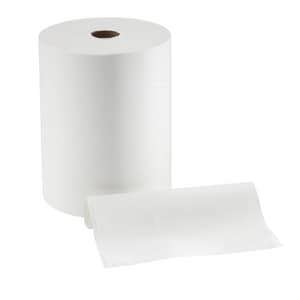 800 ft. High Capacity EPA Roll Towel in White (Case of 6)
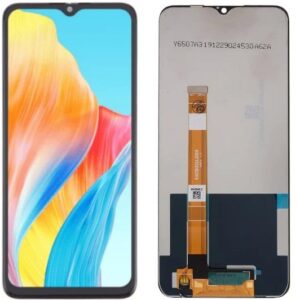 OPPO A18 4G LCD SCREEN PANEL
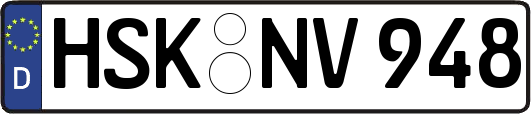 HSK-NV948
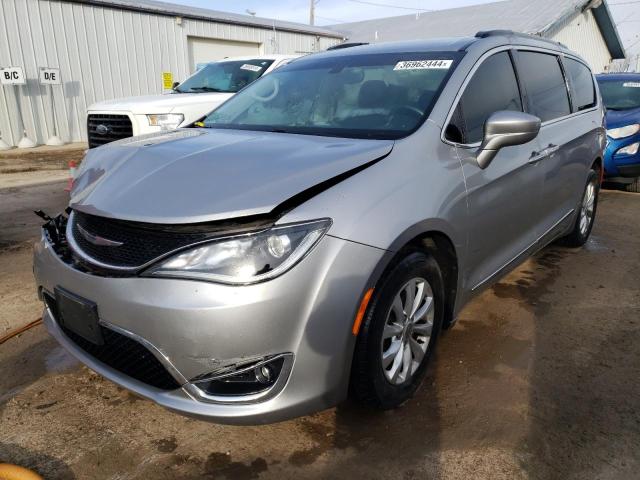 2C4RC1BG9HR621575 | 2017 CHRYSLER PACIFICA T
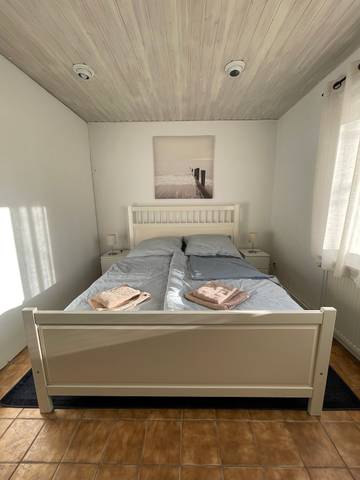 Bungalow für 4 Personen in Niendorf, Timmendorfer Strand, Bild 4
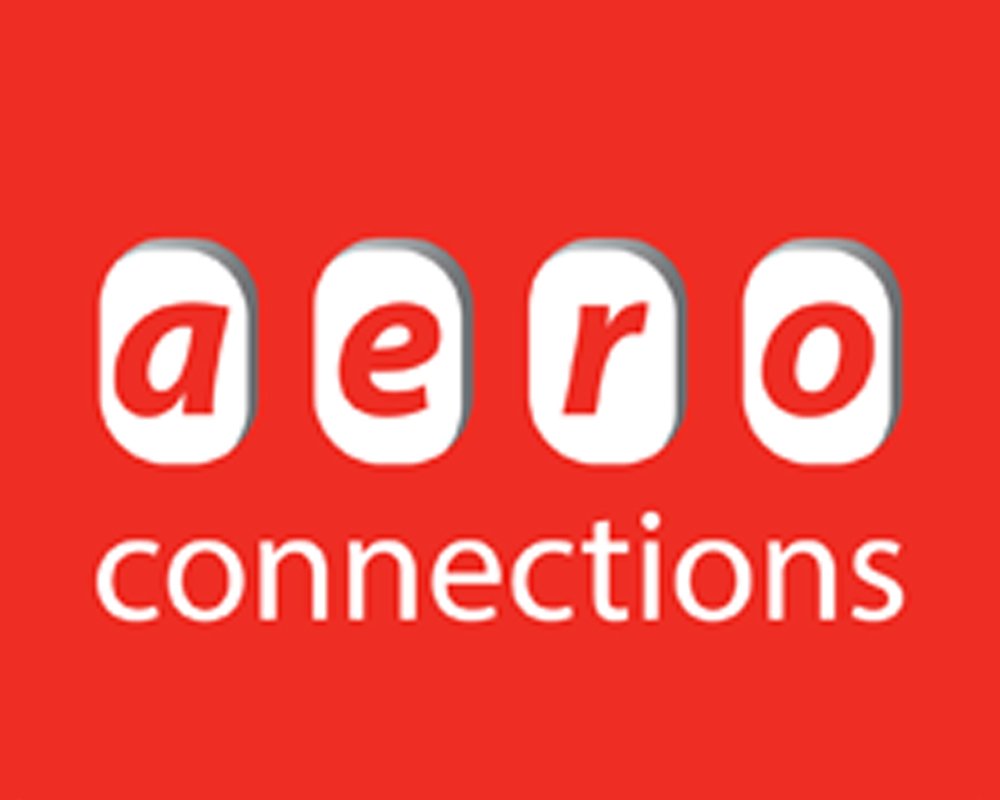 Aero — Logistics Hiring Partner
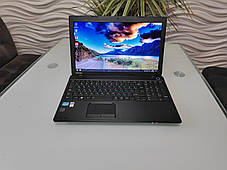 Ноутбук Б-клас Toshiba Pro C50-A-1LT/15.6"/Core i3 2 ядра 2.4GHz/8GB DDR3/128GB SSD/HD Graphics 4000/Webcam, фото 2
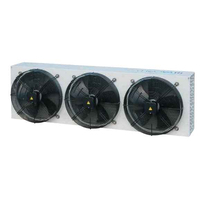 Skraplacz Rivacold RRS 035005V (Qs=72,9kW, TD=15K)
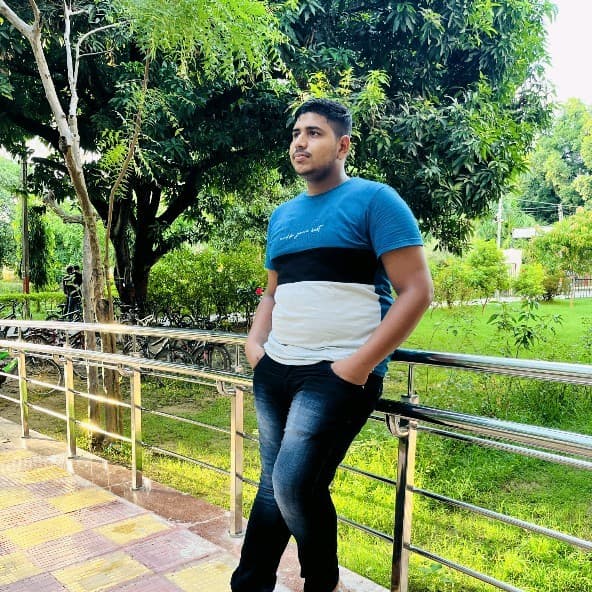 Amit Kumar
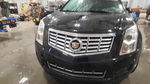 Cadillac SRX 2016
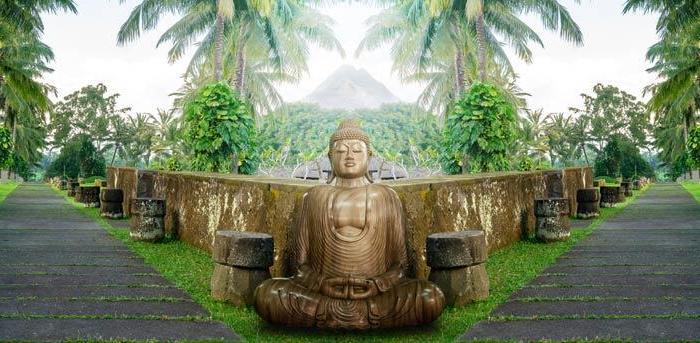 Eightfold Path - Limited Edition of 8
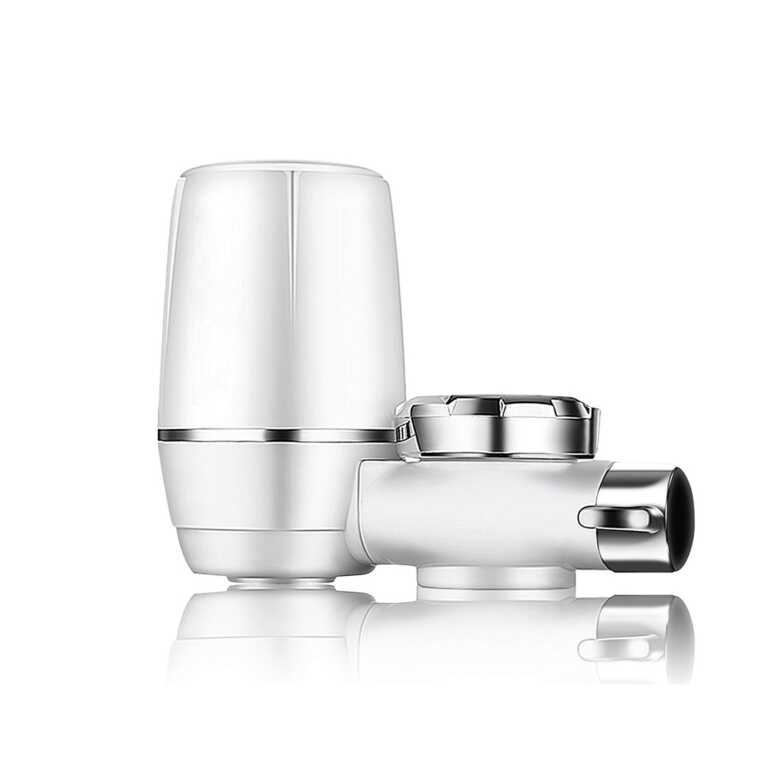 Water Filter Faucet Purifier | Rubinet me Filter per Ujin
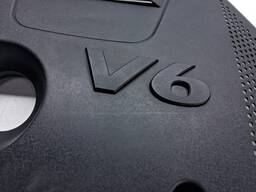 TAMPA SUPERIOR MOTOR AZERA 3.3 V6 2008 A 2011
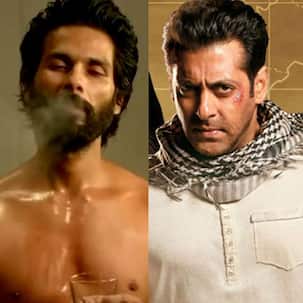 Box Office Record: शाहिद कपूर की Kabir Singh ने ग्लोबल कमाई के मामले में भाईजान की Ek Tha Tiger को चटाई धूल, देखें आंकड़े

» Brief:
Restate every line of the data above word for word, with the images removed.

» Solution:
 800 ft. High Capacity EPA Roll Towel in White (Case of 6)
 OPPO A18 4G LCD SCREEN PANEL
 HSK-NV948
 2C4RC1BG9HR621575 | 2017 CHRYSLER PACIFICA T
 Bungalow für 4 Personen in Niendorf, Timmendorfer Strand, Bild 4
 Aero — Logistics Hiring Partner
 Ноутбук Б-клас Toshiba Pro C50-A-1LT/15.6"/Core i3 2 ядра 2.4GHz/8GB DDR3/128GB SSD/HD Graphics 4000/Webcam, фото 2
 Skraplacz Rivacold RRS 035005V (Qs=72,9kW, TD=15K)
 Amit Kumar
 Cadillac SRX 2016
 Eightfold Path - Limited Edition of 8
 Water Filter Faucet Purifier | Rubinet me Filter per Ujin
 TAMPA SUPERIOR MOTOR AZERA 3.3 V6 2008 A 2011
 Box Office Record: शाहिद कपूर की Kabir Singh ने ग्लोबल कमाई के मामले में भाईजान की Ek Tha Tiger को चटाई धूल, देखें आंकड़े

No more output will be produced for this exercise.